▶ Problem requirements: All lines from the one holding "روستای سالم" through the last line of the entries below must be transcribed exactly, and no others. Pictures do not go in.

Pictures with short captions
───

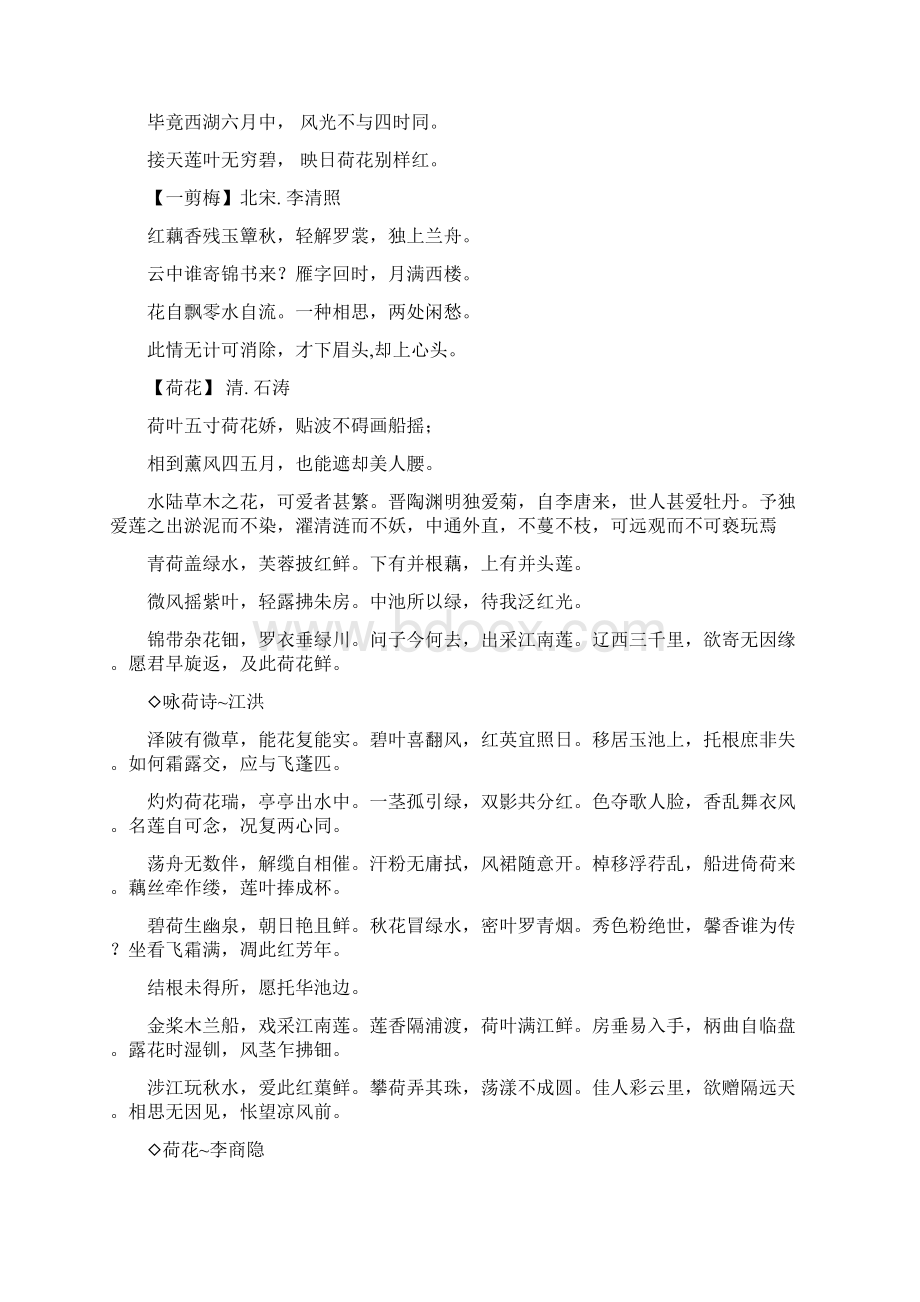 诗句顺沽Word格式文档下载.docx_第2页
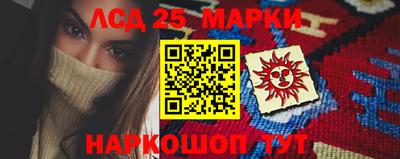 a pvp Будённовск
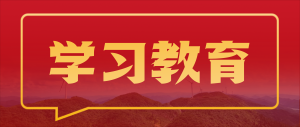 成飞新材党委部署开展树立和践行正确政绩观学习教育工作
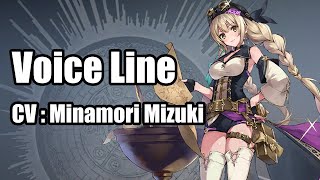 Tagatame Saria Voice Line  The Alchemist Code JP [upl. by Pilihp]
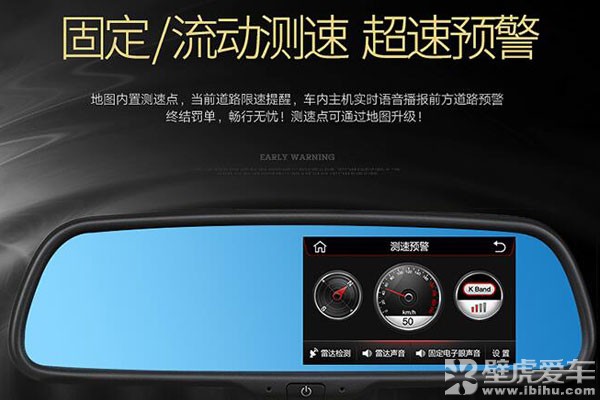 专车专用智能后视镜 行车记录仪 固定测速预警_车小丫智能后视镜价格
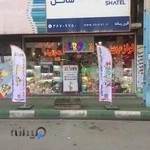 فروشگاه نوشت افزار البرز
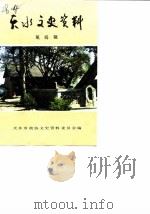 天水文史资料  第4辑（1990 PDF版）
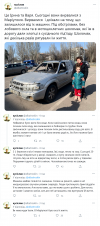 песочница-политоты-политика-Вторжение-в-Украину-2022-Мариуполь-7287177.png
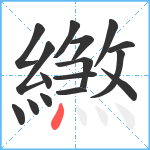 繺笔顺分解图片16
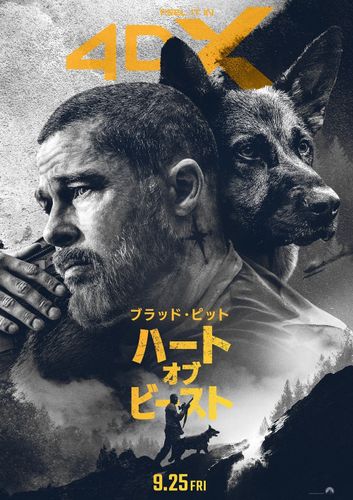 『ハート・オブ・ビースト』MX4D、4DX＆Dolby Cinema上映が決定！大自然を生き抜こうとするバディを捉えた特別映像が公開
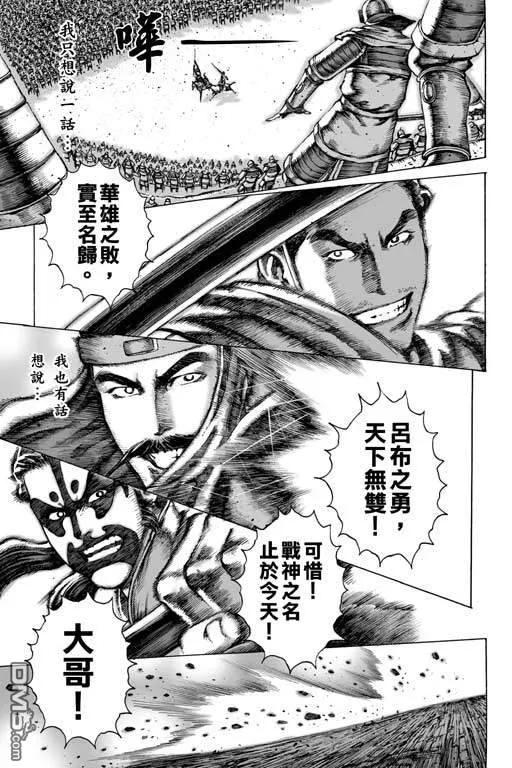 第192页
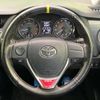 toyota auris 2014 -TOYOTA--Auris DBA-NZE181H--NZE181-6014913---TOYOTA--Auris DBA-NZE181H--NZE181-6014913- image 12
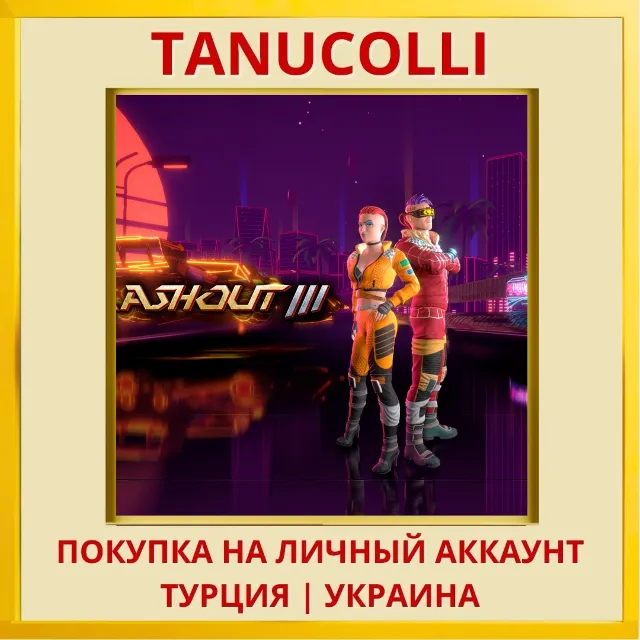 FLASHOUT 3 PS4/PS5/PS Турция/Украина
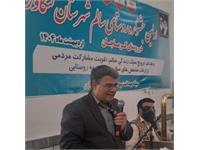 روستای سالم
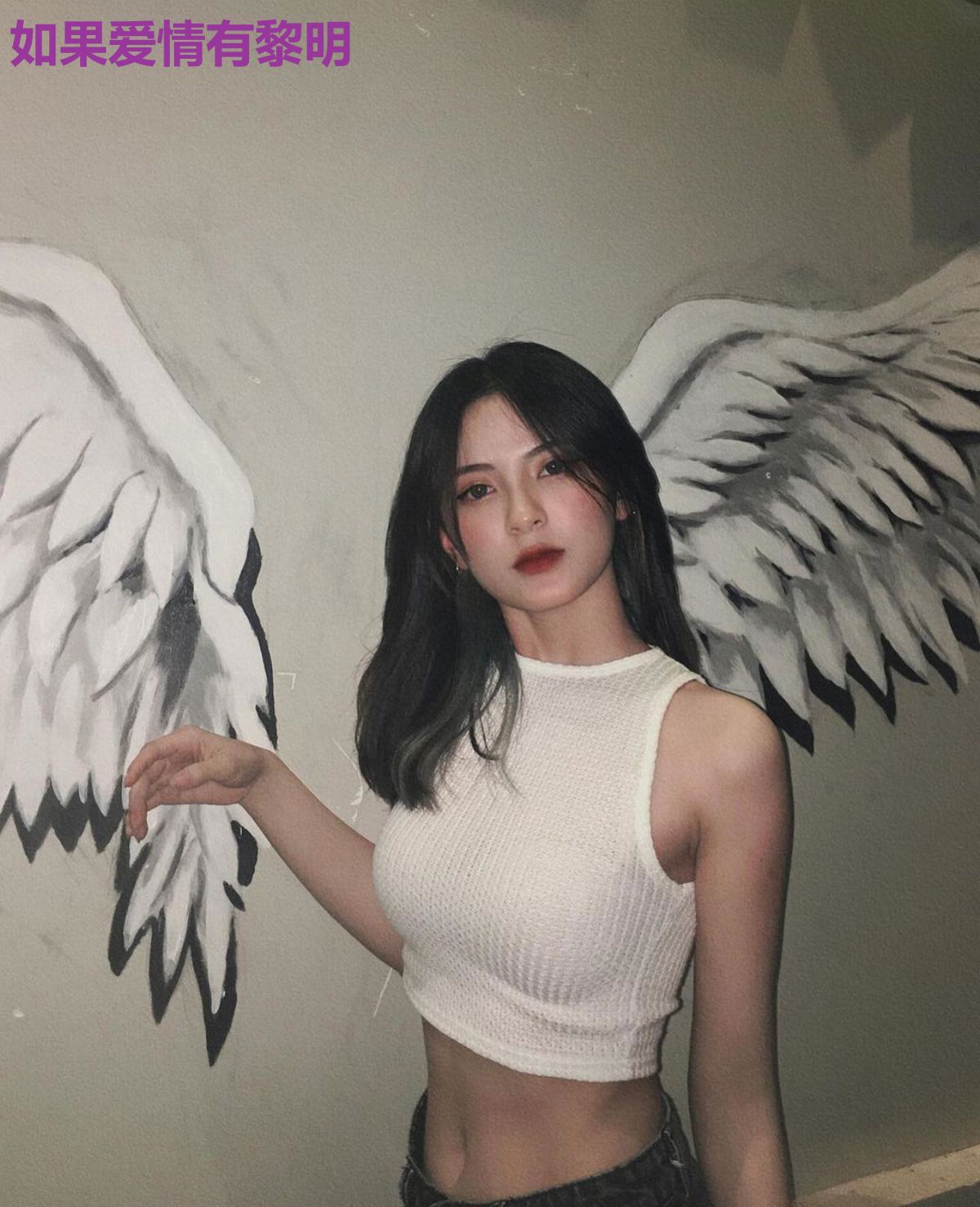 如果爱情有黎明
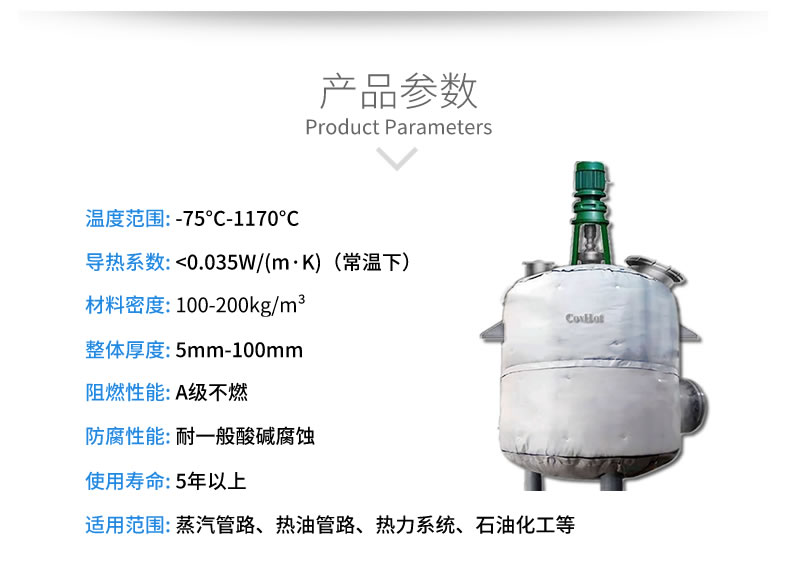反應釜隔熱<a href=http://www.1yan.net/e/tags/?tagname=%E4%BF%9D%E6%B8%A9%E5%A5%97 target=_blank class=infotextkey>保溫套</a>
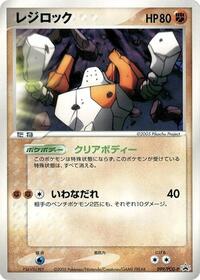 Regirock - 099/PCG-P (099/PCG-P) [PCG-P Promotional cards]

───

▶ Result of this task:
 روستای سالم
 如果爱情有黎明
反應釜隔熱<a href=http://www.1yan.net/e/tags/?tagname=%E4%BF%9D%E6%B8%A9%E5%A5%97 target=_blank class=infotextkey>保溫套</a>
 Regirock - 099/PCG-P (099/PCG-P) [PCG-P Promotional cards]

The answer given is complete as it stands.